What does full stack web development mean?
What "full stack" means in todays culture is hotly debated. Each aspect of the basic stack can be broken down into smaller stacks. Eventually you might specialize in one of the smaller stacks, or even a specific technology from one of the smaller stacks. Python falls into the back end of the stack, the "Server Side Code". The purpose of a server side language is to process logic and spit it out to the user.
With the insane number of technology stacks available for web development, a question I get asked a lot is, "Why did you choose Python?". Honestly, simply because it was mentioned to me. A developer was explaining programming to me years ago, and the only thing I remembered from that conversation was this thing called Python. So naturally, its the first technology I looked up. With my limited knowledge of programming at the time, I was sold on its general purpose nature and design philosophy.
I don't really believe one language is "better" than another. Each has its own strengths and weaknesses based on the problem that needs to be solved. Python happens to be a well supported, multi-purpose language with many pluggable options for web development.
I was not working in the tech industry at the time I choose Python, so it wasn't important what language I started with. If you're in a position where the company you work at uses specific technologies. I highly recommend you start with those instead of arbitrarily picking something.
Arguably if you successfully learn a skill with a set of materials, you will be biased towards those materials. So its not my intention to say these are the only qualified options for learning Python or web development in general. More like a curated list of resources I've personally found beneficial. These resources focus on learning the Python language itself, not the frameworks or libraries surrounding it.
Learn Python the Hard Way by Zed Shaw
This was the first resource I decided to pick up when I decided you check out programming. You get thrown right into the fire, no IDEs, just command line and text editor. One of the assignments involves making a game. So you could say the first functioning program I wrote in Python was a text based game called DZERO. You can see the hilariously terrible code here.

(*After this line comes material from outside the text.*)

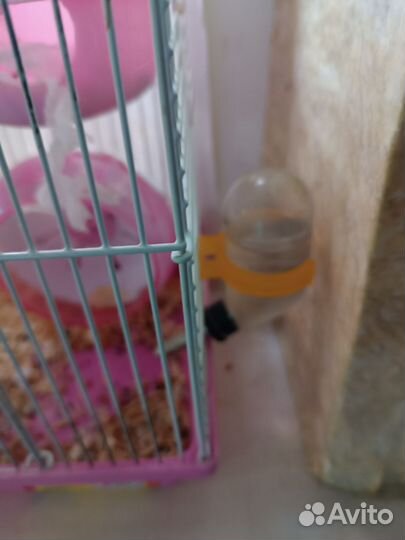 Джунгарский хомяки с клеткой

Udacity - Computer Science 101
After hearing about MOOCs (Massively Open Online Course) on a podcast, I checked out the Udacity Computer Science 101 course. The course utilizes Python to cover basic programming principles. You actually end up creating a search engine which I found to be pretty fun! At the time it was totally free, I believe you can pay a monthly fee now to have a more personal experience.
Udacity - Web Development
This course is taught by Steve Huffman, the founder of Reddit! I really enjoying hearing his anecdotes about getting Reddit off the ground. The course uses Google App Engine along with the Python SDK to guide you through building a blog.

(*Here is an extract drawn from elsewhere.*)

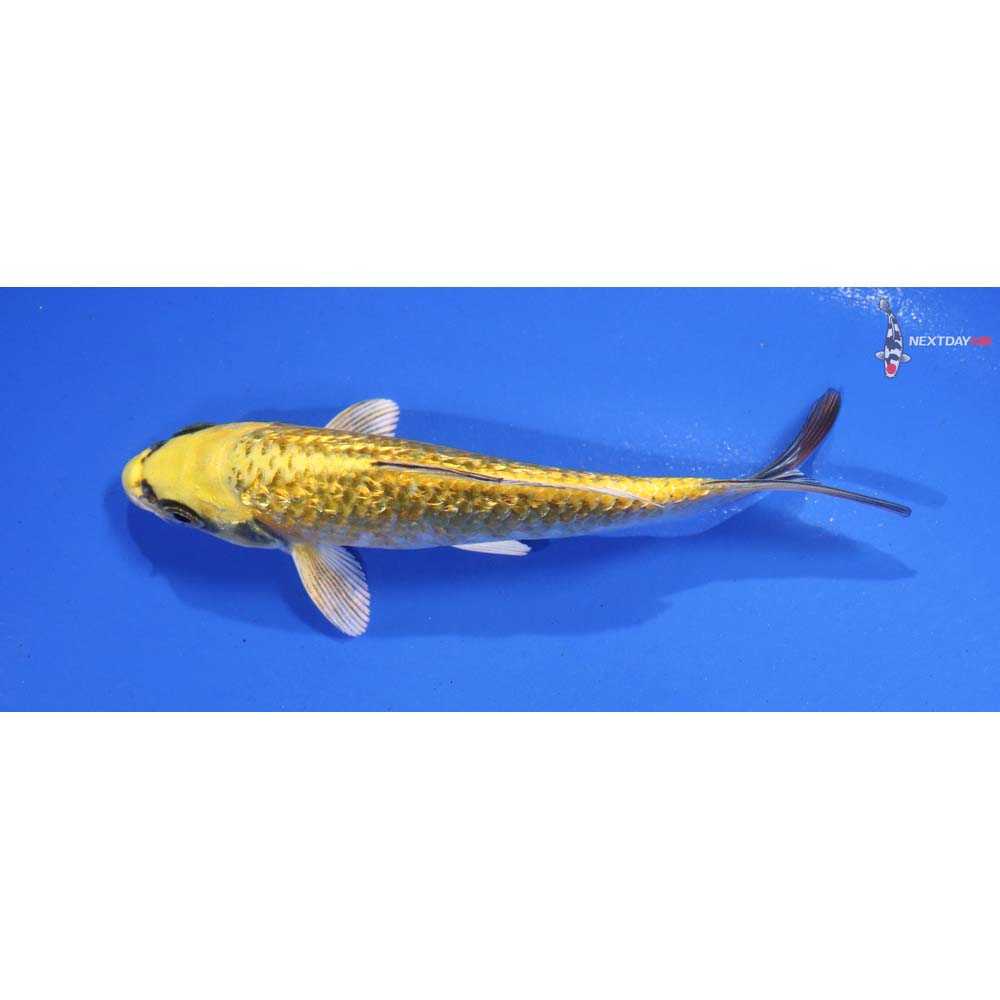 5” Imported Ki Matsuba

While I think online learning solutions like Codeschool or Treehouse are great introductions to specific topics, I find a much richer experience in solving problems. Project Euler is a set of math based problems that you can solve in any language. In the end, the languages you know are not nearly as important as understanding the logic that drives them. If you want to learn a new language I encourage you to check out problem based learning like Project Euler.
Like Project Euler, Hackerrank is a problem driven learning tool available to many languages. You get to code your solutions in a web based text editor and run it through a series of tests before submitting. The problem spaces available include, Algorithms, Functional Programming, Artificial Intelligence and Linux Shell. I can't emphasize enough how much more enjoyable it is to learn by solving problems verses running through tutorials.
This variation of Project Euler and Hackerrank also lets you solve the problems in a variety of languages. What Exercism brings to the table is nitpicking. Basically you submit your first iteration of the problem, where it will be open to the community to make suggestions (nitpick). You can then keep submitting iterations until satisfied with the result. I really like the community driven approach to the coding challenge realm.
Referring the the pluggable nature of Python I mentioned earlier, some popular frameworks exist to expedite the construction of a new web application. Flask comes to mind for smaller projects. If you're interested in more features and a bigger community, check out Django. Full Stack Python has awesome tutorial lists for both Flask and Django.